Ana protestando porque no quiere sentarse al lado de Pepe. Luis jurando a voces que es el último año nuevo que se queda con nosotros. Su padre contestando que cuando sea padre comerá huevos, que piensas tú que se puede decir, y sobre todo hacer, lo mismo sin necesidad de poner los huevos por medio. Tú, en la cocina, aún recogiendo lo de anoche y ya con el horno encendido y hecho el relleno de la lasaña, o el caldo del arroz, o el adobo del asado, o… Tu marido, ofreciendo ayuda, le dices que te traiga una fuente de la vajilla y sabes que no sabe a cuál te refieres, o bien te pregunta que dónde está, aunque lleváis en esa casa más de 10 años y siempre estuvo en el mismo sitio. Ya has preparado el mantel, pero recuerdas que es corto, que hay que colocar otro debajo, disimulado y bien doblado… y que solo tú lo sabes cuál y solo tú lo sabes hacer.
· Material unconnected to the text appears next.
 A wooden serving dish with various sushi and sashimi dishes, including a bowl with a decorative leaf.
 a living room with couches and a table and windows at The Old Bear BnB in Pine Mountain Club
Recuerdas que cuando tenías varios años menos que actualmente tus hijos tú ya te encargabas de poner la mesa. Y te preguntas cómo lo hicieron tus padres, bueno, sobre todo tu madre, para que no solo no te fastidiase la tarea, sino que además te hiciera tanta ilusión: verla tan bonita con las copas, los platos de la abuela con el filo dorado, esos cubiertos que te parecían y fantaseabas con que eran de oro. Sabías dónde se colocaba cada cosa y hasta aprendiste de una compañera de la escuela (que ahora se dice ‘cole’) a hacer un abanico con las servilletas para ponerlas sobre el plato en lugar de debajo del tenedor. Tú, en esto, desde luego has fracasado. Cuando tus hijos eran pequeños sí disfrutaban ayudando, sintiéndose útiles y colaborando en las tareas de la casa: pelar patatas, cascar un huevo (cuántas tortillas has hecho porque el dedito entraba hasta dentro y rompía la yema), poner la mesa… Ay, aquel día que Luis se empeñó en llevar la fuente del pollo frito y acabó esturreado por el pasillo. Claro que cuando esto pasaba, tus padres se reían y te consolaban, y tú también lo hacías con tus hijos, pero su padre no, él y tu suegra te protestaban a ti, que cómo se te ocurría dejar que el chiquillo hiciera tal cosa, oyéndolo los niños. Ya dejaste de romperte la cabeza tratando de idear cómo evitar esos momentos. Ya no sabes ni quieres pensar siquiera por qué tienen que ser así.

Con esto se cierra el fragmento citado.